I
have talked about (a) before. It is all
of the cutting back of perennial plants that I don’t do pre-winter because the
sterile-standing-stems provide shelter for the birds and “add visual interest”
to the otherwise barren coldest season.
But mainly it is because not clearing the landscape seems to be sending
a message to Mother Nature, but mostly to myself, that in the garden it is
never really over – there is always more work to be done.
Jason
(b) really will be here soon. And some
of what I would like to be doing right now is admittedly labor that he could be
doing when he arrives on the scene with his industrial strength leaf blowers
and big-bed pickup truck – that is to say the removal of last year’s leaves
from our various perennial beds. I
rationalize however – perhaps wrongly but who cares – that the little incipient
buds, which have lain dormant under this bed of intrusive mulch for the past
several months, would burst forth in flower much sooner and more healthy if
they were exposed to as much spring sunlight is available as soon as possible.

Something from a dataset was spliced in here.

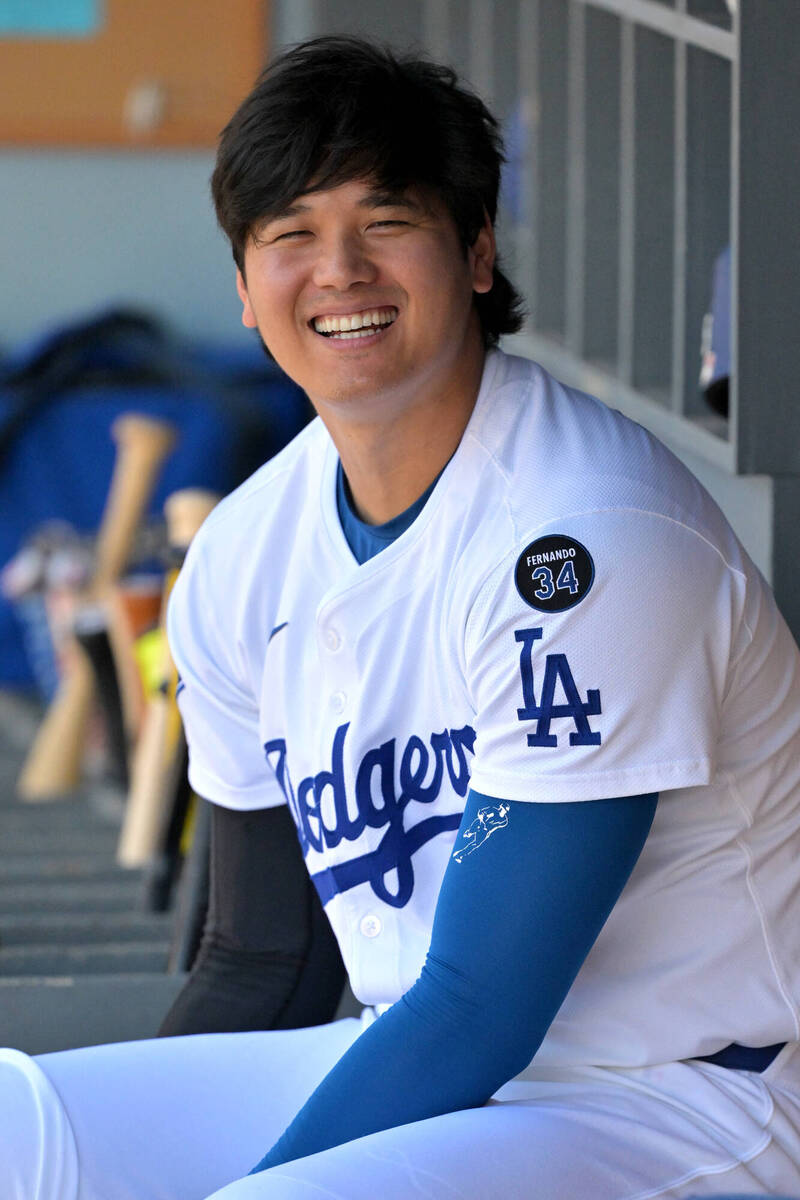 大谷翔平。（資料照，路透）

Hence my diligent and gentle wisk-raking –
some of which goes into my backyard compost bin, and some onto the lawn to be
removed by Jason.
This
past weekend a portion of our yard was dry enough to do both (a) and (b) in the
bed that was formerly our shade garden and now – after the unfortunately
necessary removal of several trees – is now our blistering hot sun plot.
When
I finished I looked up into the nearby micro-forest of Rose of Sharon ((Hibiscus
syriacus) that has spontaneously sprouted in this newly sunlit environment and
pretty quickly spotted (c).
One
of the pricker bushes, which a previous owner had planted as a border guard
against his neighbor on the south, had a death grip on the largest of our newly
arrived, non-violent Hibiscus bushes.
This hostile treatment called for an equally hostile response. I retrieved my trusty Japanese pruning saw
and forty-five minutes and an equal number of thorny branches later I was done.
Getting
into the spring mood really is as easy as (a), (b), (c).